Mais la privatisation des entreprises d’État, dans les années 1990 a laissé 30 millions d’ouvriers sur le carreau. Lâchés par un système qui promettait au moins de quoi manger chaque jour, ils ont observé avec stupeur leurs anciens cadres se vautrer dans le luxe.
Certains des plus entreprenants et des mieux introduits auprès du pouvoir, font même partie des 400 milliardaires du nouvel Empire. Alors que 400, c’est aussi, en euros, le salaire mensuel de 280 millions de « migrants », paysans exilés de leur campagne, qui hantent des chantiers et des usines à taille inhumaine.
Une usine de la taille de Rennes
Parmi elles, celles de Foxconn emploient jusqu’à 200 000 travailleurs sur un même site, comme à Shenzhen. Une usine de la taille de Rennes… On y assemble les smartphones, ordinateurs et tablettes d’Apple, Amazon ou Hewlett-Packard. Du toit de l’une d’entre elles, dix-huit étudiants, enrôlés de force, se sont jetés dans le vide en 2010. Comme les grévistes des sites chinois de Walmart et de Volkswagen, ils sont devenus le symbole du ras-le-bol d’une population dont 95 % du 1,4 milliard d’habitants gagnent moins de 650 € par mois.
L’Union européenne doit-elle s’impliquer davantage en politique étrangère ?

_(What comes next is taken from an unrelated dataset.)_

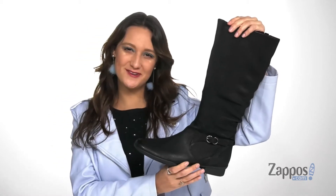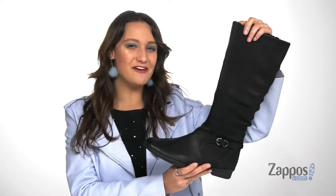Hey everyone, I'm Abigail from Zappos.com and this is Kay from Dansko.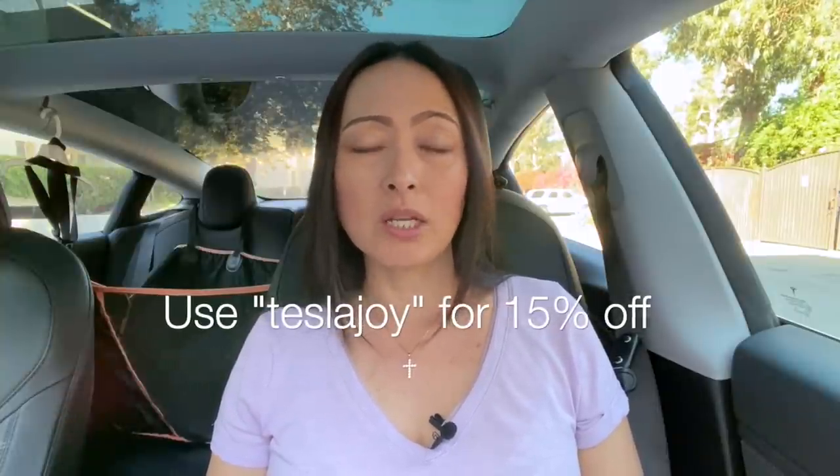While the door is open, let me show you the cool puddle lights I installed — I got these from Abstract Ocean, and they're super easy to install. I did all of these myself by watching their installation video on the product page. For the front, I installed a simple minimalistic Tesla logo, and in the back I did the number three. It's just something fun to personalize my car. So at night when you open the doors, you see these cool puddle lights. When you order from Abstract Ocean, use my promo code TeslaJoy at checkout and you'll get 15% off your first purchase.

Le prolétariat n’est pas toujours docile, dans cet « atelier du monde » dont les patrons violent ouvertement les lois sociales instaurées entre 1995 et 2008 : 1 500 mouvements de grève ou arrêts de travail le secouent chaque année. Ils ne sont contenus que par l’implacable « stabilité de fer » imposée par le régime, qu’ailleurs on appelle répression. Tout comme les persécutions des Ouïgours et des Tibétains, elle alimente l’un des grands échecs de la Chine de Xi Jinping : on consomme ce qu’elle produit, mais on ne l’aime pas.